Many organic acids such as GA, LA, and CA are edible and can be used as energy sources (Fig. 1A). GA is the smallest α-hydroxyl acid, which is produced during photorespiration in sugar-crop plants. LA is produced from simple carbohydrates by LA bacteria. Furthermore, CA is abundant in most fruits and vegetables. These carboxylic acids elicit appetitive responses in animals at environmentally relevant concentrations (Rimal et al., 2019). Binary food choice assays were conducted to characterize sour feeding behavior in flies (see the Materials and Methods section for more details). Control flies exhibited almost no bias to 0.1% carboxylic acids (pH ~3) (Fig. 1B). According to our observations, the flies preferred a 0.5%-1% carboxylic acid range (pH 2.4-2.7) with 2 mM of sucrose (Fig. 1B) or without sucrose (Fig. 1C). However, this attraction was reversed by increasing the concentrations of carboxylic acids (Figs. 1B and 1C). Sucrose did not affect the discrimination of these acids except in the 5%-10% CA treatment. Specifically, the preference for relatively high concentrations of CA was affected by the presence of sucrose (Figs. 1B and 1C). Therefore, our findings demonstrated that sour taste is biphasic and that the flies preferred ecologically relevant concentrations of GA, LA, and CA.

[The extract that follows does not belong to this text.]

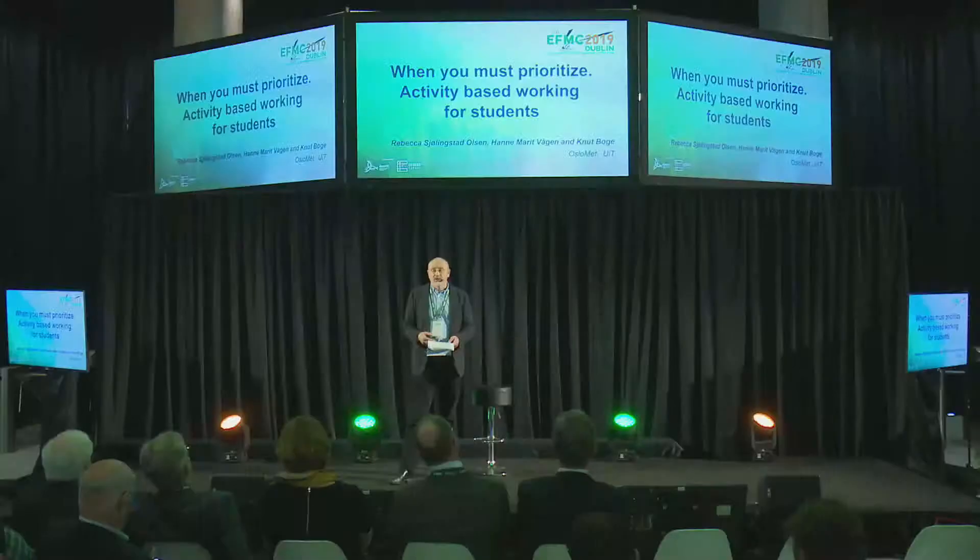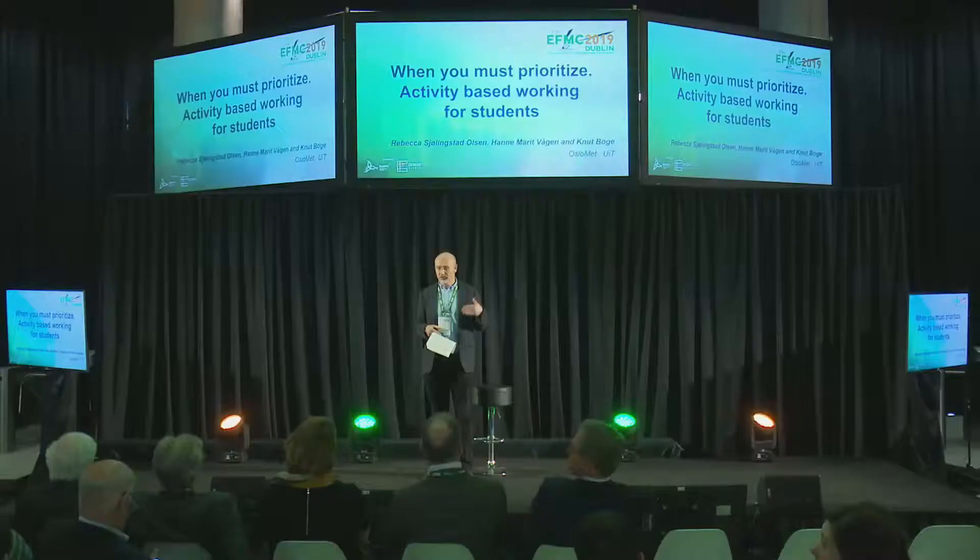What we tried to figure out was how these students spend their time before lectures, between lectures, and after lectures when they do their own self-studies — and what is important. We also tried to figure out what were the most important indoor climate parameters for these students, because the well-being standard gives us an idea about a comfort band for air quality, temperature, CO2, etc.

Sweet-sensing GRNs are involved in the attractive response to carboxylic acids

Next, surgical dissections were conducted to test whether other chemosensory organs besides the labellum were required for carboxylic acid attraction. Flies have two main olfactory organs: the antennae and maxillary palp. When we removed each organ, flies generally preferred ingesting 1% GA, LA, and CA (Fig. 1D). In addition to the labellum, the legs and wing margin also contain taste sensilla. Dissecting the wings or forelegs did not affect carboxylic acid preference (Fig. 1D). However, these observations cannot completely rule out the possible contribution of these chemosensory organs to carboxylic acid perception, as removing the remaining midlegs and hindlegs was impossible without affecting the behavioral assays. Furthermore, many taste receptors in flies are also expressed in the legs. Next, we sought to determine which GRNs were required to detect 1% GA, LA, and CA (Fig. 1E). Flies have four types of GRNs. Specifically, sweet-sensing and water-sensing GRNs are required for attraction, whereas bitter-sensing and calcium-sensing GRNs are necessary for aversion. When the sweet-sensing GRNs were inactivated by expressing inwardly rectifying Kir2.1 (Paradis et al., 2001) under the control of a Gr64f-GAL4 driver (Dahanukar et al., 2007), GA-, LA-, and CA-mediated attraction was attenuated (Fig. 1E). Conversely, inactivating the water-sensing GRNs using the ppk28-GAL4 driver line (Cameron et al., 2010) had no effect on carboxylic acid feeding preference (Fig. 1E). Furthermore, attraction remained unchanged in flies with inactivated bitter-sensing (Gr66a-GAL4) and calcium-sensing (ppk23-GAL4) GRNs (Dunipace et al., 2001; Lee et al., 2018; Moon et al., 2006) (Fig. 1E). These results suggest that sweet-sensing GRNs mediate the preference for appetitive concentrations of carboxylic acids.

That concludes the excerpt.